Directions for this task
Restate each line below word for word, skipping every picture.

Information given
+ + + + +
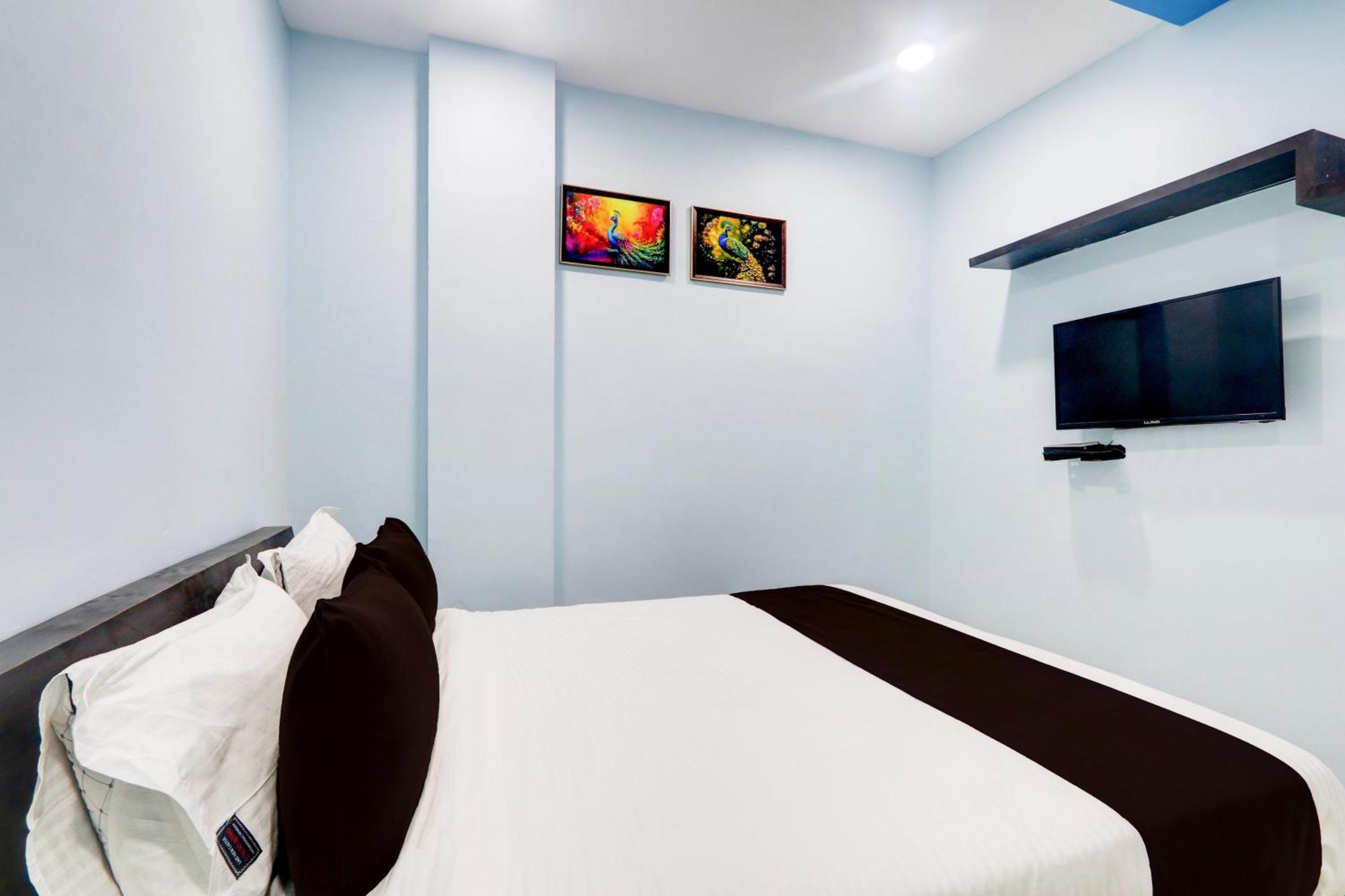 Hotel O Moon Light Nizamabad Exterior photo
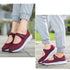 Summer Breathable Womens Sneakers Walking Sporty Mesh Sport Running Light Flats Casual Vulcanize Simple Shoes Spring Comfortable Espadrilles Luxury Design Espadrilles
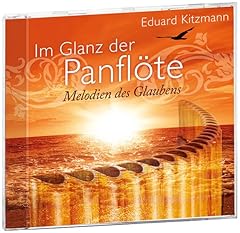 Glanz panflöte melodien gebraucht kaufen  Wird an jeden Ort in Deutschland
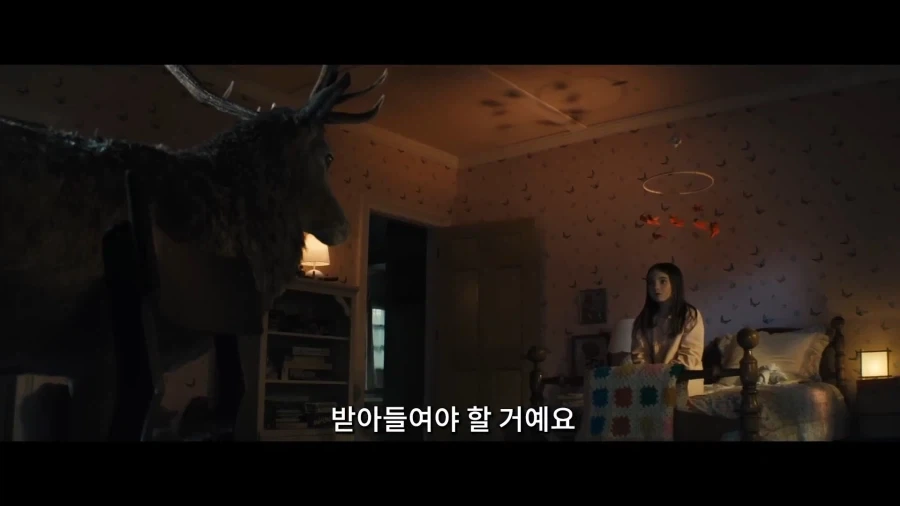 스티븐 스필버그 감독이 설명하는 신작 [디스클로저 데이]_11.webp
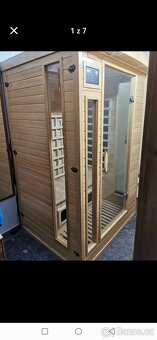 Infrasauna - 7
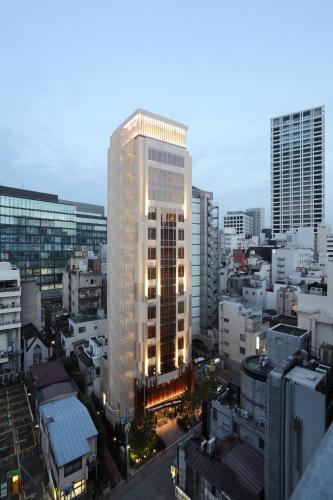 centurion hotel grand akasaka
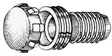End Adapter 37mm - LETKUTARVIKKEET - M52-196-94 - 1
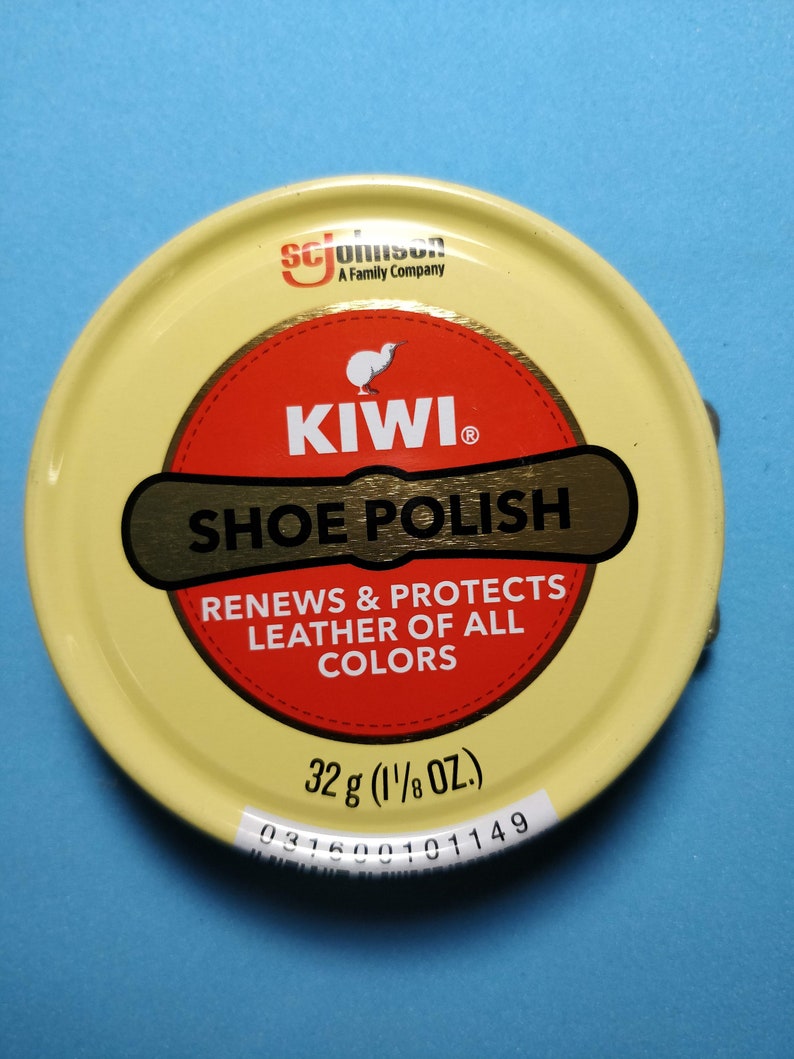 boot polish coles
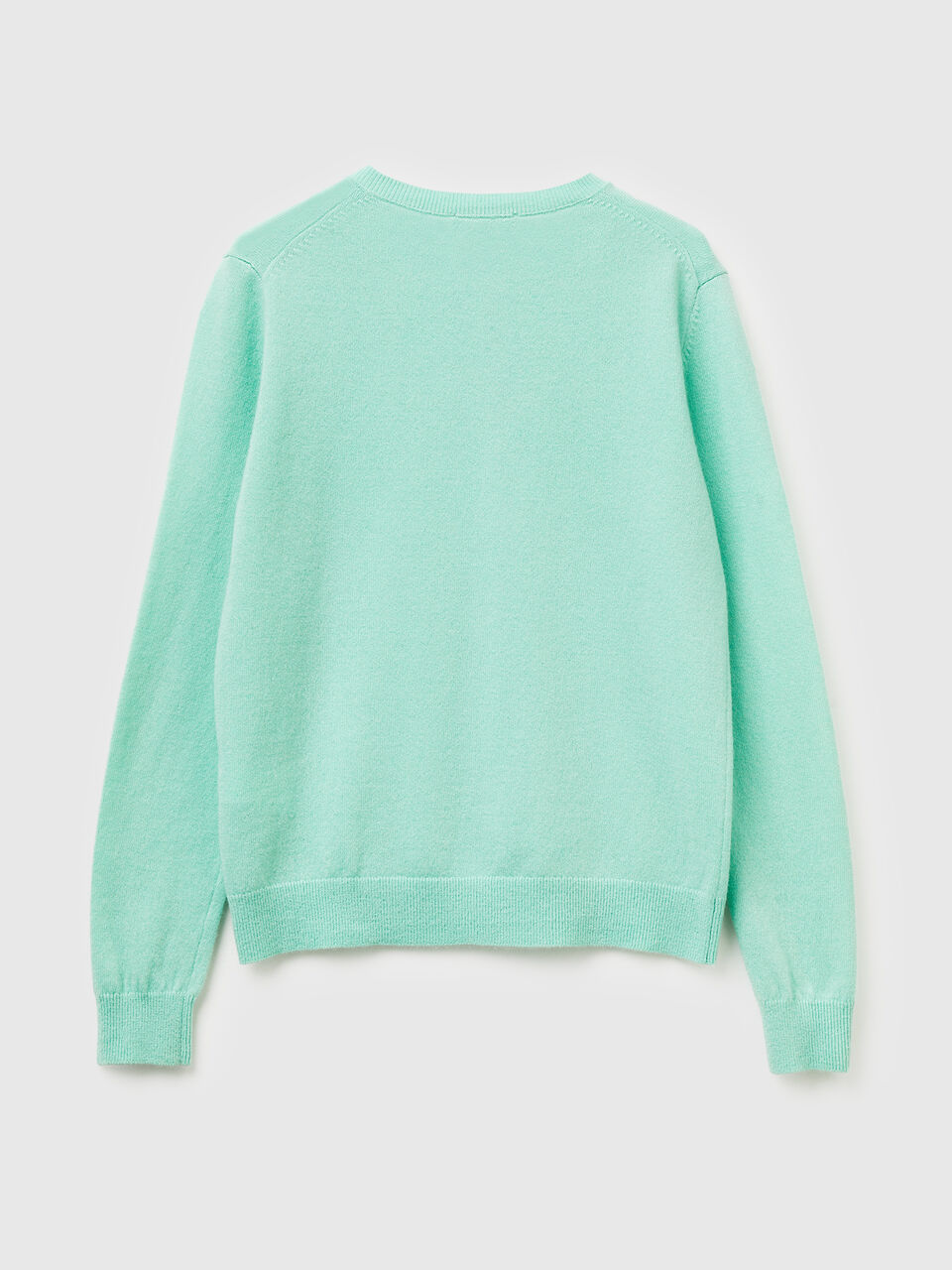 L/S SWEATER Women image number 2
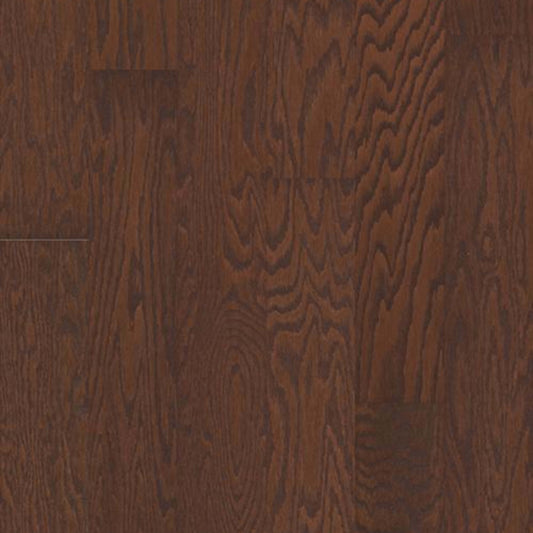 ARDEN OAK 5 in Hazelnut Hardwood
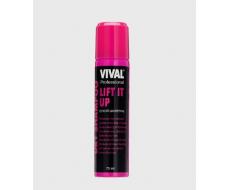 VIVAL beauty Сухой шампунь Lift it up 75 мл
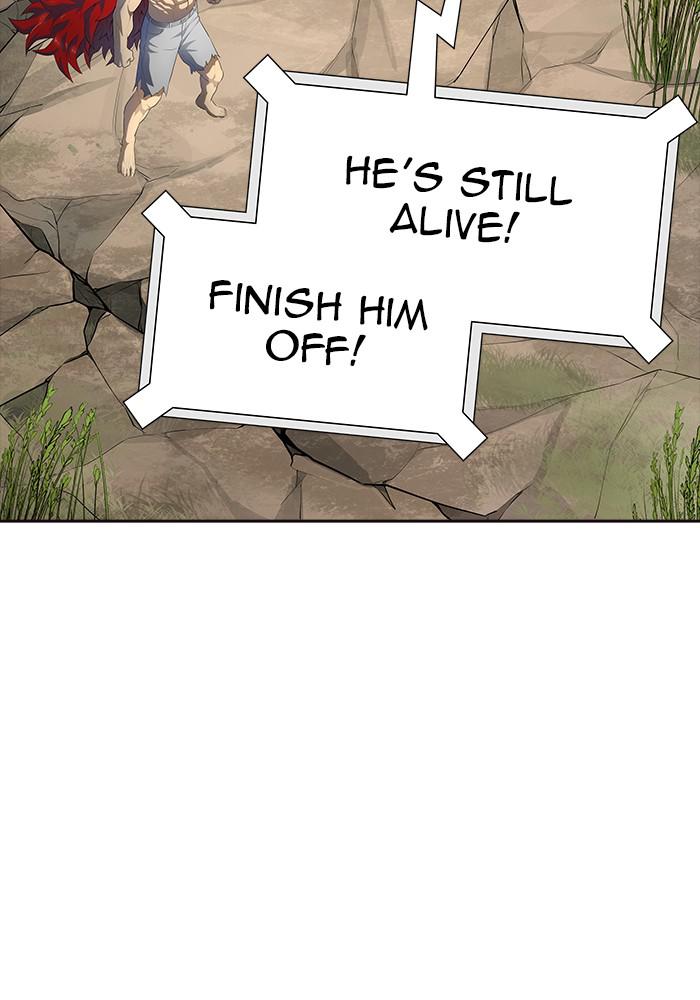 Tower of God Chap 133 - Next Chap 134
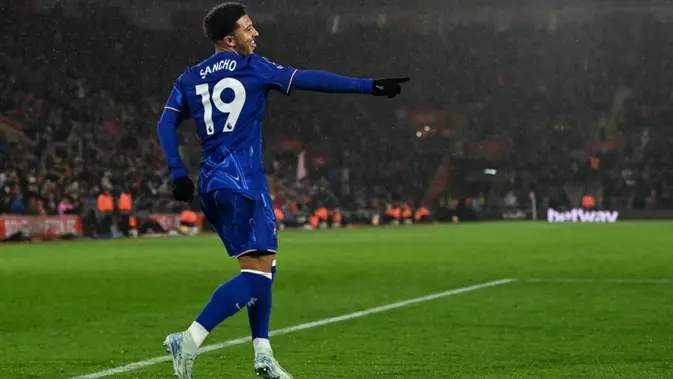 5 Klub yang Bisa Jadi Tujuan Jadon Sancho Musim Depan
+ + + + +
Response area
 Hotel O Moon Light Nizamabad Exterior photo
 Summer Breathable Womens Sneakers Walking Sporty Mesh Sport Running Light Flats Casual Vulcanize Simple Shoes Spring Comfortable Espadrilles Luxury Design Espadrilles
 Glanz panflöte melodien gebraucht kaufen  Wird an jeden Ort in Deutschland
 스티븐 스필버그 감독이 설명하는 신작 [디스클로저 데이]_11.webp
 Infrasauna - 7
 centurion hotel grand akasaka
End Adapter 37mm - LETKUTARVIKKEET - M52-196-94 - 1
 boot polish coles
 L/S SWEATER Women image number 2
 ARDEN OAK 5 in Hazelnut Hardwood
 VIVAL beauty Сухой шампунь Lift it up 75 мл
 Tower of God Chap 133 - Next Chap 134
 5 Klub yang Bisa Jadi Tujuan Jadon Sancho Musim Depan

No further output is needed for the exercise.